The development of assays for the detection of fibrin(ogen)olysis based on COOH-terminal A alpha chain epitopes

The COOH-terminal two-thirds of the fibrinogen A alpha chain is a substrate for both factor XIIIa and plasmin and is, therefore, a source of structural markers for the clinical detection of fibrin(ogen)olysis. Monoclonal antibodies (MoAbs) that bind to epitopes within this region (F-102, A alpha 563-578; F-103, A alpha 259-276) have been applied towards the development of two sensitive and specific enzyme-linked immunosorbent assays (ELISAs). The first assay, a capture (F-102)-tag (F-103) ELISA, measures plasma fibrinogen molecules whose A alpha chains are intact. The second assay, a solution phase competitive ELISA based on MoAb F-102, quantifies circulating COOH-terminal A alpha chain degradation products (A alpha FDPs), among the earliest peptides released from fibrinogen during plasmin-mediated fragment X formation. This assay features a novel preliminary plasma absorption step on concanavalin A to recover A alpha FDPs (if present in the sample) in a milieu free of immunologically cross-reactive fibrinogen.
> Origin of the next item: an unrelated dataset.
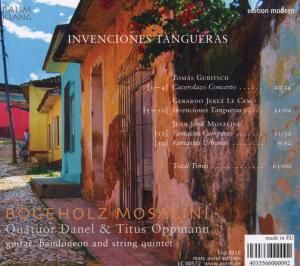 Produktbild: Invenciones Tangueras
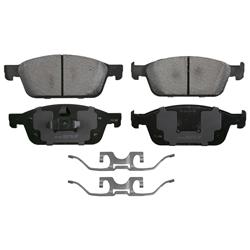 Wagner QS Brake Pads for 2017 TRANSIT CONNECT - ZD2039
Both ELISAs use highly purified fibrinogen as the assay standard for quantitation. In control plasmas, circulating A alpha FDPs accounted for less than 2% of their respective intact fibrinogen A alpha chain concentration, suggesting a physiologic low level of proteolysis occurring at the extreme COOH-terminal portion of the molecule. Plasma A alpha FDPs were elevated (2.3% to 7.8% of their respective intact fibrinogen A alpha chain concentration) in a group of plasma from patients with documented, high serum FDPs (21 to 41 micrograms/mL). Application of the two ELISAs to characterize the course of A alpha chain proteolysis during thrombolytic therapy (TIMI phase 1) indicated that A alpha FDPs were a very early marker of the lytic state (detectable 15 minutes after treatment had been initiated), and that streptokinase and recombinant tissue plasminogen activator appeared to produce significantly different A alpha chain degradation profiles.